When Billy discovered that the quarry manager was a snorkeller, he invited him to come diving with him, and showed him what a sweet coral reef lay precariously on his doorstep. The manager was impressed enough to agree to help preserve it. Whats more, according to Billy, the filtration on the excavation process had actually reduced the amount of damaging run-off that would occur naturally at the site.
Time will tell if his intervention has succeeded.
On a warm, calm day, paddling gently along the coastline to Solomons Reef in kayaks saves on fuel and is certainly preferable to taking out the boat (which in any case had gone off to the other Mr Lawrences reserve).
OK, we could have reached the site by road, but wheres the fun in that
Beaching our kayaks, Billy and I kitted up in the swell, which was easier than it would have been if wed stayed on the craft, and dropped onto the reef.
The at first unpromising volcanic rock soon gave way to coral structures and Dominicas usual impressive array of colourful sponges, in the shape of huge baskets, barrels and yellow tubes.
I had already seen more beautiful reefs in the north, and this shallow one had its share of storm damage, but it was appealingly rich in life. We immediately found a good-sized pink seahorse, tail wrapped around a frond and twisting, as seahorses do, as if to avoid offering us that prized profile.

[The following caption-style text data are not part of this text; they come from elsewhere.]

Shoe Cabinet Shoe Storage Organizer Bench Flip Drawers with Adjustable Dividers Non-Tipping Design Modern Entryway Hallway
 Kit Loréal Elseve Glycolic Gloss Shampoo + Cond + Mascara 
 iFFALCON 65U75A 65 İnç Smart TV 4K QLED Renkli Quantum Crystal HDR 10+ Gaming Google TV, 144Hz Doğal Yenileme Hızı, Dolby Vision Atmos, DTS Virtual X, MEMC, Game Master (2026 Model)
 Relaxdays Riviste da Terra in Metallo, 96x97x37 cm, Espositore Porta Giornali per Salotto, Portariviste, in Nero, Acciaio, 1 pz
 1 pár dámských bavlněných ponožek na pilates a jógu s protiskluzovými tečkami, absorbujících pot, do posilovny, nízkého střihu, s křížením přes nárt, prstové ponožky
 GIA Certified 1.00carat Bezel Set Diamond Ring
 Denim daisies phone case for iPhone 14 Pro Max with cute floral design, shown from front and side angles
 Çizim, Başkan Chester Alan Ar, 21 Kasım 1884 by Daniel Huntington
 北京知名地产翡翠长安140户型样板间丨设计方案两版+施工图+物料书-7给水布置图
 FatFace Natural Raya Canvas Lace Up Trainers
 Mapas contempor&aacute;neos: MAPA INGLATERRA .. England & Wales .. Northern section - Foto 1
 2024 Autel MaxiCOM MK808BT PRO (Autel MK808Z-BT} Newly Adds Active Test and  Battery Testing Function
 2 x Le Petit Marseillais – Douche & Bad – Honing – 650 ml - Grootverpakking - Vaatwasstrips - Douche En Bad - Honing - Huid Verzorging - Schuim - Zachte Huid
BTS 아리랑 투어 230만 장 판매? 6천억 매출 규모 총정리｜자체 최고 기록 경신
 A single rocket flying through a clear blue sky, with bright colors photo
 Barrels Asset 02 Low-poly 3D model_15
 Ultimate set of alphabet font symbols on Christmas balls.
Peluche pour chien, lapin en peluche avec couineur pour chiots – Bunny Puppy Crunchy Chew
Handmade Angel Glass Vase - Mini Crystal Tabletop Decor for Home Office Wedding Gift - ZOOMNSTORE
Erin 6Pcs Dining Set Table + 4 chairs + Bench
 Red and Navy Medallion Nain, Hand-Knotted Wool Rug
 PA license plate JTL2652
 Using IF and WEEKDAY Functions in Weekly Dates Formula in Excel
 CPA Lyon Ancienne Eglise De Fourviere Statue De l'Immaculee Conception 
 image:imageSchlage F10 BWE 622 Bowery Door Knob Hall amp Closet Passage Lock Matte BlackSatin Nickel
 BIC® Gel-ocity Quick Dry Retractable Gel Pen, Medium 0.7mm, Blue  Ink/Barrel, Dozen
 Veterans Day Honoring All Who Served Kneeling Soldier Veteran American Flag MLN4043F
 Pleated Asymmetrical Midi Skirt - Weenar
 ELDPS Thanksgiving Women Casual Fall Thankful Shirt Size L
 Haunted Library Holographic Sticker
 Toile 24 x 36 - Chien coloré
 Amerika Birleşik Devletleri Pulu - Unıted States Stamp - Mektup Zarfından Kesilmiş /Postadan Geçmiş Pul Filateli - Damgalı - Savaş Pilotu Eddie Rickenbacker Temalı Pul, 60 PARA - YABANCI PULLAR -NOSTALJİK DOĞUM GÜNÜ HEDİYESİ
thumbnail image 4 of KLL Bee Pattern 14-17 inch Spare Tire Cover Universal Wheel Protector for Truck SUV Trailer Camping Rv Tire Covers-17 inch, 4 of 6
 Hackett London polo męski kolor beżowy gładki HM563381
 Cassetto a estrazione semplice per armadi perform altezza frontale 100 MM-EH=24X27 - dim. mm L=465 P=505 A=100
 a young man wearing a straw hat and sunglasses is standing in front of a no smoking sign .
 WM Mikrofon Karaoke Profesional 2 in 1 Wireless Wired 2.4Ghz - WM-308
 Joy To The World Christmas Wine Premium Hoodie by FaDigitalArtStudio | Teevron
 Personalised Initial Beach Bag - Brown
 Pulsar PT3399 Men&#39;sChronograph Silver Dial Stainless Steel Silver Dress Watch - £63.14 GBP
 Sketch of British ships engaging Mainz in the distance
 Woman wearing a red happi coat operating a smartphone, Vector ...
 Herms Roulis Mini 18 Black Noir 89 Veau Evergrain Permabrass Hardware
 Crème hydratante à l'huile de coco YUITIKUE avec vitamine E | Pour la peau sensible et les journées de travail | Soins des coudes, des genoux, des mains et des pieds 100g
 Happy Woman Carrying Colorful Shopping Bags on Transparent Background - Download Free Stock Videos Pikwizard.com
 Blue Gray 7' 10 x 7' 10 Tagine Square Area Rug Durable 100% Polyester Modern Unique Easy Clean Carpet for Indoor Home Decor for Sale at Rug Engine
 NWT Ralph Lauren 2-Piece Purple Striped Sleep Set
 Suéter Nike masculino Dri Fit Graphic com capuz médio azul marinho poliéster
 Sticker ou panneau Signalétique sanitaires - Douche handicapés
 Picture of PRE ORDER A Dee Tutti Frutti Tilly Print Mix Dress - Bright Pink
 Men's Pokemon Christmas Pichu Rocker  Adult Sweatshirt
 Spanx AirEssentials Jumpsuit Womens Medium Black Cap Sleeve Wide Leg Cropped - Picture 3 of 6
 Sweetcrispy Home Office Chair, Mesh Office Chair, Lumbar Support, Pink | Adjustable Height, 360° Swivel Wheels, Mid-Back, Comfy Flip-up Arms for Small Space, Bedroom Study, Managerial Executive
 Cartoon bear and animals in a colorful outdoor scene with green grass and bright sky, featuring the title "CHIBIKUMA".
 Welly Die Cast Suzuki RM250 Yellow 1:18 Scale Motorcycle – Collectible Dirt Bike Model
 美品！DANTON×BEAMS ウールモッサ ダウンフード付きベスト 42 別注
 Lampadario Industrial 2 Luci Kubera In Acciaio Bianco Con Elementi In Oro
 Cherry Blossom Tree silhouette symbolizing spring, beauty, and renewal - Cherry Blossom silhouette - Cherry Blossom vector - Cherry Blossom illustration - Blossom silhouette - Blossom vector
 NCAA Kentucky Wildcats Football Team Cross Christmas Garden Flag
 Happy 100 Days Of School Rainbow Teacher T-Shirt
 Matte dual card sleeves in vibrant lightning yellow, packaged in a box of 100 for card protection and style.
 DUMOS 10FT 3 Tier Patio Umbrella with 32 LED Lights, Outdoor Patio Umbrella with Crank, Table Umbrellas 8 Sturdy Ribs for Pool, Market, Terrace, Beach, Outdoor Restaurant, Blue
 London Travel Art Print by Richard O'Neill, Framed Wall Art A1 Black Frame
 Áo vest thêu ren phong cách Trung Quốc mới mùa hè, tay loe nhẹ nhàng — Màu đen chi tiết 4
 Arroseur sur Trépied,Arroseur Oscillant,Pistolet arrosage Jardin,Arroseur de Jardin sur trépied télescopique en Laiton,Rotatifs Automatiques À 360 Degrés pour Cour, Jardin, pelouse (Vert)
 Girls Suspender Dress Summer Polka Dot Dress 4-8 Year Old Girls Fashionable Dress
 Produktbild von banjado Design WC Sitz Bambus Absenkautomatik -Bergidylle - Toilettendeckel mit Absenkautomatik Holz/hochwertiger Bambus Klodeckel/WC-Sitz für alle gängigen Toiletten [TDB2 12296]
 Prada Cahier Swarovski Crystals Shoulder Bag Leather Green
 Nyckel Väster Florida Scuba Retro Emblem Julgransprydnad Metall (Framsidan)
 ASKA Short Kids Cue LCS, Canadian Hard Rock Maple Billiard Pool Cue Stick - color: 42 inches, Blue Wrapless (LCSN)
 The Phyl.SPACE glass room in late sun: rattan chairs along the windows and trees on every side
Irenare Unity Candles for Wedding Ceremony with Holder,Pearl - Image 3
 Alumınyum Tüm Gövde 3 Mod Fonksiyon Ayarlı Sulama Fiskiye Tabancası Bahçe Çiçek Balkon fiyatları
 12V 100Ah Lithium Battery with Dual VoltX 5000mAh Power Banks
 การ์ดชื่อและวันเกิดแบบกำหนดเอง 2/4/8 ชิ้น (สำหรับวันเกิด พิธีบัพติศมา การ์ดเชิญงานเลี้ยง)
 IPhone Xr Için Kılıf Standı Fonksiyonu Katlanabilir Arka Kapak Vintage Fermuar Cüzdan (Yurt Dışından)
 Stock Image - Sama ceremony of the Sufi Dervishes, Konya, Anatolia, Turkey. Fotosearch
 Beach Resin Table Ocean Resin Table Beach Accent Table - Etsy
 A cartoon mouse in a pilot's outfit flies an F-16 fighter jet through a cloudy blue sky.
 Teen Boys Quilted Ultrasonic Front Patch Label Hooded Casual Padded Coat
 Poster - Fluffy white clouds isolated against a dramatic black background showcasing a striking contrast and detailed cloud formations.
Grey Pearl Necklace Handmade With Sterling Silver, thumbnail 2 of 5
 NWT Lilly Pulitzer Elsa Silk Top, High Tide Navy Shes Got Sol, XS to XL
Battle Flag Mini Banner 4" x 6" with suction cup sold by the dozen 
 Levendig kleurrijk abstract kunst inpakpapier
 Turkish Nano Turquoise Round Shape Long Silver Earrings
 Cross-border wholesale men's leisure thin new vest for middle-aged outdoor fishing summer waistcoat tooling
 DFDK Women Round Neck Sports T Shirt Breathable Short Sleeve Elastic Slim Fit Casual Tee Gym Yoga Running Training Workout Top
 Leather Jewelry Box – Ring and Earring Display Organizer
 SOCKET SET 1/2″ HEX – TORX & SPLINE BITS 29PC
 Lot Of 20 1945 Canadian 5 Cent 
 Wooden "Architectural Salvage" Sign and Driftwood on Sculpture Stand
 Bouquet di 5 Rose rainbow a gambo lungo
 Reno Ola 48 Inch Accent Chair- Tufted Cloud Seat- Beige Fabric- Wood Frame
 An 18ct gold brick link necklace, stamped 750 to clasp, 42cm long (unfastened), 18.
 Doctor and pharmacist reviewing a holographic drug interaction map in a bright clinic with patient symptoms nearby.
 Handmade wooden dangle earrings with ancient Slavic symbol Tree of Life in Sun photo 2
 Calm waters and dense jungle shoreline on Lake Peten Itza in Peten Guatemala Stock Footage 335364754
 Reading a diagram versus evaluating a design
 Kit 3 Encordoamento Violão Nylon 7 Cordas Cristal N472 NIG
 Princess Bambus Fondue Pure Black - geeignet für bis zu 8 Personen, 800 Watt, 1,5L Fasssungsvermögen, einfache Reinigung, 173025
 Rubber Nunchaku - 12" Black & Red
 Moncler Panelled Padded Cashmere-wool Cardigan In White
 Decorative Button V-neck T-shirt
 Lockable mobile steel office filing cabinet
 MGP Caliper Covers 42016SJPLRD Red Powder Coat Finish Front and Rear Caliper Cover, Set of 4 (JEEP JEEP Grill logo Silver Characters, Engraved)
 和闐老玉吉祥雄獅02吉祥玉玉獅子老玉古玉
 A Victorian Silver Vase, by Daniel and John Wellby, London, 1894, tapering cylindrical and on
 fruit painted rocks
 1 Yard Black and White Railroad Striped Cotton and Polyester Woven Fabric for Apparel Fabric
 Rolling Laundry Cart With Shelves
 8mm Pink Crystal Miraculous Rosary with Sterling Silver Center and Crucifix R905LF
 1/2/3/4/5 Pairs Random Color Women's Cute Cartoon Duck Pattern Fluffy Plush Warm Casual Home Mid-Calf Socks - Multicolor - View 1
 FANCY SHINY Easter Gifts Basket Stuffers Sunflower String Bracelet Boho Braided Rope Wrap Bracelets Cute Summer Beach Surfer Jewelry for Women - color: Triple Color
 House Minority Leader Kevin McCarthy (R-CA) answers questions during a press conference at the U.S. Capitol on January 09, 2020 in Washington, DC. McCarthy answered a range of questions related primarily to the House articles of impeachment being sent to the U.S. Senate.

Then it was on to a giant red basket sponge that proved to be a housing estate sprouting more antennae than I had seen in a long time. They belonged to cleaner shrimps, banded and spotted, waving their candy-striped claws, as well as Pedersons shrimps, with their long electric-blue bodies.
There were many moray eels, honeycomb and speckled, around the reef, and we found a hawksbill turtle nestled contentedly in a crevice. We also saw one or two fish traps, which you do find around the island, though they were barely occupied.
It would be tragic if Solomons Reef should be lost, but Billy is optimistic about its future, and believes that the way to engage islanders in protecting their heritage is to keep talking to them.
I later checked out Al Divings house reef and that too was enjoyable, a forest of gorgonians and sponges and a lot of fish, particularly shoals of snapper.
I saw morays and long-spined squirrelfish, big scorpionfish and lizardfish and, out in the sand, goatfish and fields of garden eels.

THIS WAS THE LAST OF MY three days diving in Dominica, making up just half of a two-island trip.
I had started at Cabrits, the only dive centre in the north. Its run by Peter and Helen Hepp, who revel in the quality of reefs on their doorstep. Peter is from the States but Helen is English, so she serves tea and biscuits to bemused American divers during surface intervals (tea is kinda coffee though, huh, I heard one say).
Cabrits normally runs three boats, but our group that day needed only one. On our way out we picked up four Brits who had chartered a yacht to explore the region, a great option for dive groups who want to be independent.
We dived Tucri and Sharks Mouth (there are few sharks around Dominica - the name comes from an oddly shaped barrel sponge no one can identify now).
These were two of the reef sites that rest on a gentle shelf, whereas most of this mountainous island plunges straight into the depths. I found them outstandingly colourful coralscapes, even by Caribbean standards, though as is often the case the keynotes are provided as much by sponges as by the hard and soft corals themselves.
Tucri also boasted some pleasant swimthroughs full of blackbar soldierfish and other bigeyes. Again, I saw scorpionfish and moray eels at this location, along with a southern sting ray and clouds of small reef fish.
On these and other sites, whirling pairs of spotted drums, the small black and white fish with hyper-extended dorsal fin and tail, also attract the attention of divers.
Then, midway down the western, diveable coast, I had stopped off at the Sunset Bay Club. This may well be as close as Dominica gets to an international-style resort, but it has nice homely touches and at the time was full of French families.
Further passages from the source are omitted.